Outra pesquisa realizada pelo Datafolha entre os dias 01 e 03 de abril, em linha com o que havia sido apurado em levantamento anterior, revela que 76% dos entrevistados considera que o mais importante neste momento é ficar em casa, 65% acredita que o comércio não essencial deve permanecer fechado. Para 87% as aulas devem permanecer suspensas e 71% se manifestou a favor da proibição de sair de casa para quem não trabalhe em serviço essencial.
Atrelada a esse receio há outro, de natureza econômica, que se relaciona com as perspectivas sobre o futuro. Leandro Pereira, militante do MAB, ao traçar um panorama do que se passa na região do Médio Jequitinhonha aponta que o que as pessoas estão mais preocupadas é com o pós, as questões financeiras que vai acarretar, muitos não estão conseguindo vender mais afirmou. De acordo com Leandro, “ao mesmo tempo eles estão tomando os cuidados necessários. Mas a preocupação que eu vejo mais é na parte financeira depois que passar isso, como vai ficar relatou.
A pandemia traz, também, impactos no dia a dia das pessoas. Alaíde Almeida relata os desafios de seguir as medidas rigorosas de higiene para evitar a contaminação, as quais exigem disciplina e vigilância constantes que não são tarefa fácil.
Claro que a gente não consegue tomar todos os cuidados de usar máscara, mesmo porque não temos.

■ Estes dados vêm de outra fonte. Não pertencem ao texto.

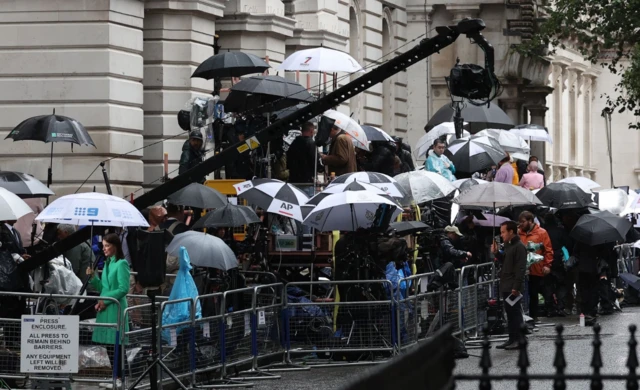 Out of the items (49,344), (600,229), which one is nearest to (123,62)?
(600,229)

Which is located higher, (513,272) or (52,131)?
(52,131)

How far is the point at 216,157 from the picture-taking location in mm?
17109

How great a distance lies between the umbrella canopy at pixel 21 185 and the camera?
1934 cm

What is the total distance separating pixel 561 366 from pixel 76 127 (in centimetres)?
1518

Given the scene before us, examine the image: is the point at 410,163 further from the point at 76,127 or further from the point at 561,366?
the point at 561,366

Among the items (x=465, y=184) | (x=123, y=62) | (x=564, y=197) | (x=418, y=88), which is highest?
(x=418, y=88)

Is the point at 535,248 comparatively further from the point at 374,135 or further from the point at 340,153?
the point at 340,153

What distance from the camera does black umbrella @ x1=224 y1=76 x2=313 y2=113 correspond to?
2075cm

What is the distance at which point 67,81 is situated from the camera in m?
25.3

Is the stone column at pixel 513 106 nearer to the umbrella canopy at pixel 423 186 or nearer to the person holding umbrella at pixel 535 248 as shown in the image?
the person holding umbrella at pixel 535 248

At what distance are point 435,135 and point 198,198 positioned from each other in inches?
418

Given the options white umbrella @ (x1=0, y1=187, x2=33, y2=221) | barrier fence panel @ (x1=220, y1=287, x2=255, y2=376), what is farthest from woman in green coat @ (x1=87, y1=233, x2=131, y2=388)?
barrier fence panel @ (x1=220, y1=287, x2=255, y2=376)

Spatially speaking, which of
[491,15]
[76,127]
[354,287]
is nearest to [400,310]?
[354,287]

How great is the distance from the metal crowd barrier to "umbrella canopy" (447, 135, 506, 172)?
575 cm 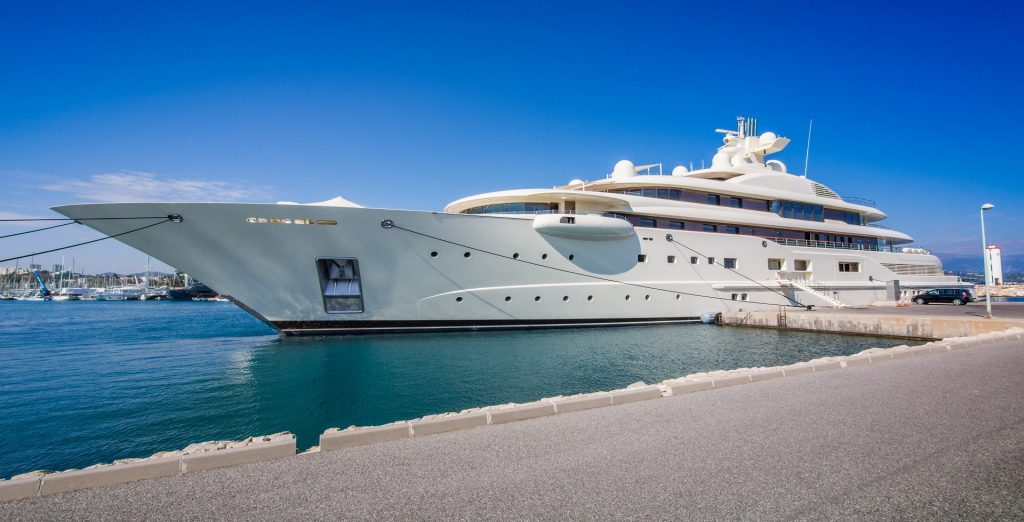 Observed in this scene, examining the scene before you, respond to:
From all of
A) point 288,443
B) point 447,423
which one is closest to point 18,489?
point 288,443

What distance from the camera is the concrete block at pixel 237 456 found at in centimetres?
357

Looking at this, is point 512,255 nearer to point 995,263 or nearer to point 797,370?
point 797,370

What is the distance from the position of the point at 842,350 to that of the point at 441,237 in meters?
12.4

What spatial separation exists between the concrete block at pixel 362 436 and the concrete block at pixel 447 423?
0.10 meters

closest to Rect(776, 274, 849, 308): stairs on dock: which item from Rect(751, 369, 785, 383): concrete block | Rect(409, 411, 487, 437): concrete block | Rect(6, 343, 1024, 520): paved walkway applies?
Rect(751, 369, 785, 383): concrete block

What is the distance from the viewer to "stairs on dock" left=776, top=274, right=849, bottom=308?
20547mm

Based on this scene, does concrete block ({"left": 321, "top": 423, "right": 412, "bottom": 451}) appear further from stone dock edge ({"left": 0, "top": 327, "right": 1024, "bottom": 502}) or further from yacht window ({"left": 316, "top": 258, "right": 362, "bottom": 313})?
yacht window ({"left": 316, "top": 258, "right": 362, "bottom": 313})

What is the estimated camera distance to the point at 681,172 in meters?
23.5

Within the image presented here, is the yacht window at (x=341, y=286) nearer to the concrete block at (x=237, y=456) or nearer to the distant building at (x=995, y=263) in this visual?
the concrete block at (x=237, y=456)

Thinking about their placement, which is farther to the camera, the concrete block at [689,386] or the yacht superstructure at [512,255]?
the yacht superstructure at [512,255]

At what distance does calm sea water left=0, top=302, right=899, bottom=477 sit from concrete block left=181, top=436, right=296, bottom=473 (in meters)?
2.59

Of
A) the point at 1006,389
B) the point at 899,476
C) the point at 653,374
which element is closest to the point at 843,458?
the point at 899,476

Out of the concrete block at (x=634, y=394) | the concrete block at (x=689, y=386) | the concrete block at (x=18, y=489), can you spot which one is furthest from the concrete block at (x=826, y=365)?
the concrete block at (x=18, y=489)

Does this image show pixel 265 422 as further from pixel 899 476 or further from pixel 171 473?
pixel 899 476
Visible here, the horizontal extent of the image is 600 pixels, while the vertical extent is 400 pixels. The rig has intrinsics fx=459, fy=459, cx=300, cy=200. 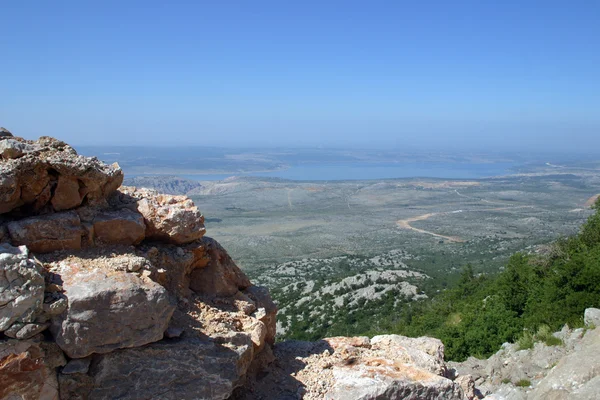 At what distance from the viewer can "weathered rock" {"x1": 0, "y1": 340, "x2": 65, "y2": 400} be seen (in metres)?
6.19

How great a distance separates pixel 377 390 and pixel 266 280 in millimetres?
36576

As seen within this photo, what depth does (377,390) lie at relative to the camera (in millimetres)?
7820

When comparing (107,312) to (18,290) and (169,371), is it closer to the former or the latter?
(18,290)

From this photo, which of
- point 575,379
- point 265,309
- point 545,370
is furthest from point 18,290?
point 545,370

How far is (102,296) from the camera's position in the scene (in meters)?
6.75

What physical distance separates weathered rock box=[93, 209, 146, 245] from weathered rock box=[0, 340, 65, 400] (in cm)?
231

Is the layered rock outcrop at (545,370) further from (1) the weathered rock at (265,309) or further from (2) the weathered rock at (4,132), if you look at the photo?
(2) the weathered rock at (4,132)

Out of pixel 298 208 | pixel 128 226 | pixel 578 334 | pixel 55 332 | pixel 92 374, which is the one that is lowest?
pixel 298 208

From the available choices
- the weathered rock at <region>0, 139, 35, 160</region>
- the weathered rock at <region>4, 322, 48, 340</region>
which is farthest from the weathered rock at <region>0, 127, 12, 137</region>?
the weathered rock at <region>4, 322, 48, 340</region>

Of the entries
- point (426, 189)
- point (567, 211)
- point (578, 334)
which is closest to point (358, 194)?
point (426, 189)

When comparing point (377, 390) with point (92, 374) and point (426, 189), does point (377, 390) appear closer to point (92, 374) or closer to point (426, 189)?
point (92, 374)

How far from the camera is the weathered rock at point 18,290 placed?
→ 6.20 metres

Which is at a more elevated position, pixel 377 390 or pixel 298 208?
pixel 377 390

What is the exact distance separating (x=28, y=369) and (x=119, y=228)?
282cm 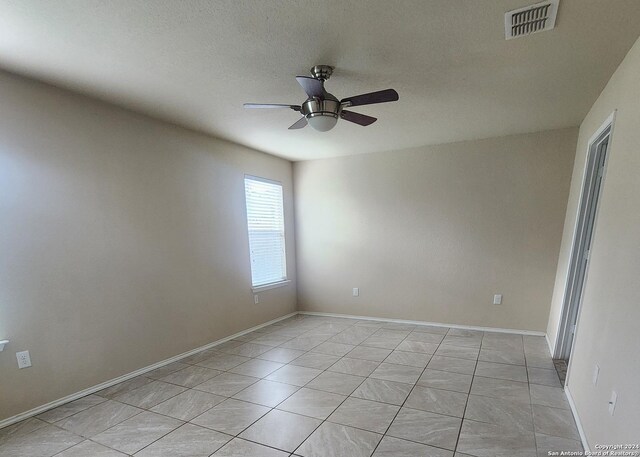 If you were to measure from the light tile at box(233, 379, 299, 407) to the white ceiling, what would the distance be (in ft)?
7.85

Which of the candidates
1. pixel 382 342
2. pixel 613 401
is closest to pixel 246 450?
pixel 613 401

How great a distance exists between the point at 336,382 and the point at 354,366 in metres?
0.36

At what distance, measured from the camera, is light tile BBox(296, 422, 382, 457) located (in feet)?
5.75

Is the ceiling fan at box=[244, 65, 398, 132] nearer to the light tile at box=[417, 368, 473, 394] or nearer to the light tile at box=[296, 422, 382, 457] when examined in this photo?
the light tile at box=[296, 422, 382, 457]

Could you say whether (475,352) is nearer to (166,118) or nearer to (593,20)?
(593,20)

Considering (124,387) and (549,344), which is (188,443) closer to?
(124,387)

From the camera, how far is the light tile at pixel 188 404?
7.09ft

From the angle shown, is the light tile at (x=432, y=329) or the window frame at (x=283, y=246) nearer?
the light tile at (x=432, y=329)

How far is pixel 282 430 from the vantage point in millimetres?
1967

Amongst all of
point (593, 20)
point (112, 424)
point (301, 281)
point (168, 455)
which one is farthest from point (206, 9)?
point (301, 281)

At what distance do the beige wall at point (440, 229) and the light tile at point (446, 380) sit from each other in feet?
4.56

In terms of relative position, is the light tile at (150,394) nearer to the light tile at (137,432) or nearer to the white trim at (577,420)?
the light tile at (137,432)

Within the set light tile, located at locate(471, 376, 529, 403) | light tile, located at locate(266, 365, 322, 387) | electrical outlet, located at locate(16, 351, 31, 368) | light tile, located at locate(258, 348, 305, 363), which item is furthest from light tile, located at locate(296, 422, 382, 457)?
electrical outlet, located at locate(16, 351, 31, 368)

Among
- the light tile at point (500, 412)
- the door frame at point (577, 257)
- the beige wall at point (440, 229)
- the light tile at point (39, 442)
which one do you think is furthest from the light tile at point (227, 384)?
the door frame at point (577, 257) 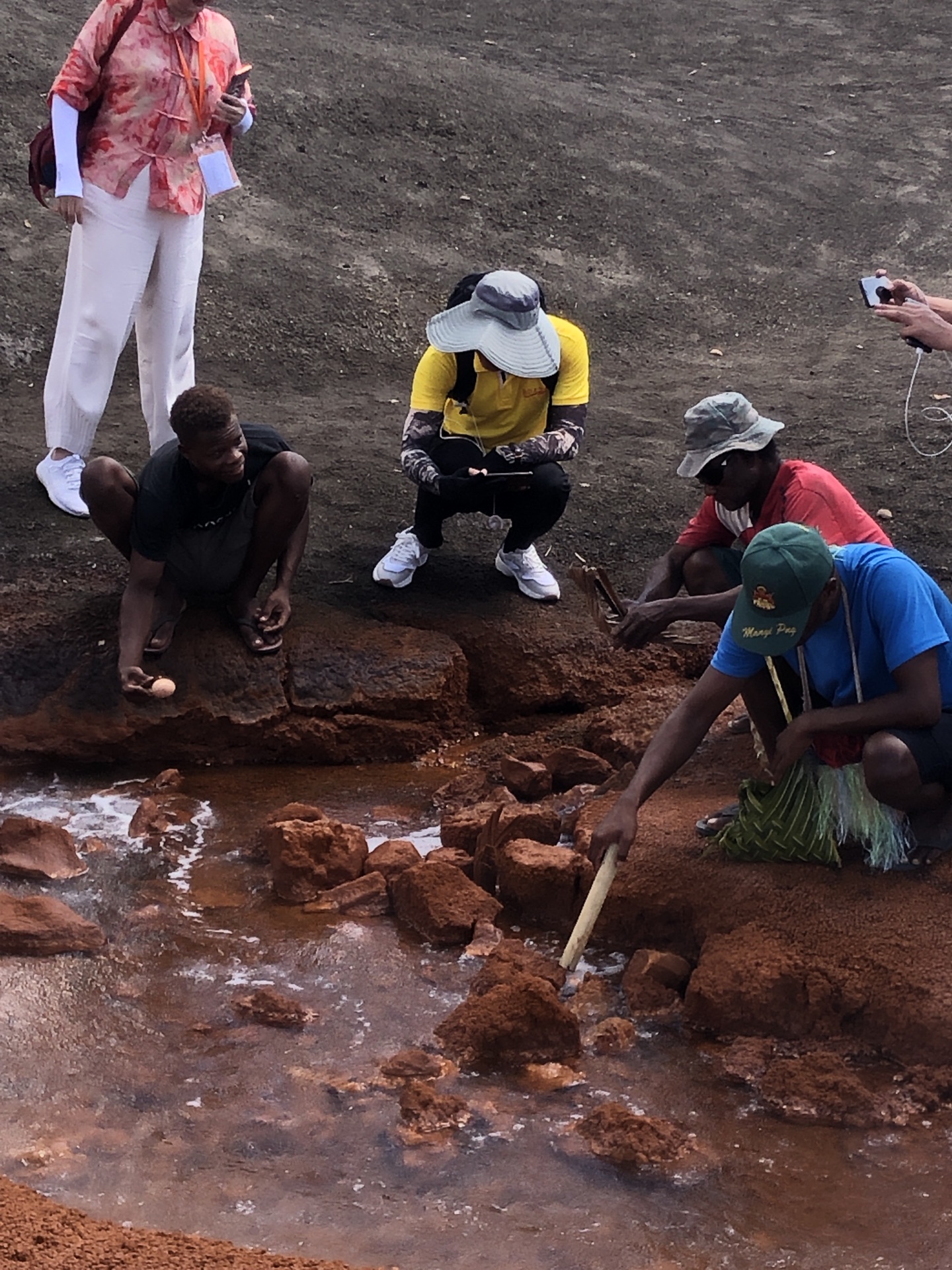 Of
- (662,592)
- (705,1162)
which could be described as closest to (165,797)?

Muitas das vezes a gente esquece de tomar os cuidados. Quando você pensa que não, cê quer levar a vida normal, aí cê tem que lembrar dessa coisa de lavar a mão toda hora, então isso tá ocupando parte da mente da gente, tá sendo um transtorno afirmou.
Em locais como o Vale das Cancelas as medidas de contenção do contágio têm acarretado outros problemas: a ofensiva das empresas. Nessa região conflituosa na qual comunidades tradicionais geraizeiras precisam, constantemente, defender seu território da ofensiva do grande capital, a empresa Mantiqueira, concessionária de uma linha de transmissão ligando a usina de Irapé, em Grão Mogol/MG ao município de Janaúba/MG. O conflito se arrasta desde 2018, quando os geraizeiros iniciaram a resistência à empresa que pretendia instalar algumas torres de transmissão de energia dentro do território sem autorização das comunidades e violando seus direitos. A luta levou à paralisação das obras, situação em que se encontra. Porém, tentando tirar proveito da ocasião da pandemia do coronavírus, a empresa resolveu aproveitar as medidas de isolamento social para dar andamento às obras dentro do território tradicional geraizeiro, forçando as comunidades a se organizarem e deixarem o isolamento para fazer esse novo enfrentamento.
Toda vez que eles estão avançando a gente chega e eles param. Só que a gente tá meio apreensivo, né. Tem muitos empregados que eles já tinham que ter mandado embora, tem que ter a quarentena e eles não podem mandar o pessoal embora porque não terminou o serviço e a gente fica sem poder fazer o serviço da gente porque tem que ficar de olho neles afirmou Alaíde. Para ela isso está sendo um transtorno para a comunidade, que fica preocupada com os cuidados necessários diante da pandemia do coronavírus e, ao mesmo tempo, com a empresa.
Em que pese a situação preocupante as pessoas seguem acreditando em dias melhores, apegando-se, sobretudo, à fé. É o que aponta o Sr. Gentil Durães, residente na comunidade Rio das Antas, município de Salinas/MG: Eu tenho bastante conhecimento com o pessoal, um pessoal religioso, graças a Deus, e estão com fé em Deus que nós vamos vencer. […] é pedir Papai do Céu para que suma com esse vírus e nós continuamos a nossa luta.
Como lembra Alaíde, porém, a confiança em Deus é fundamental, mas também é preciso que cada um de nós faça a sua parte.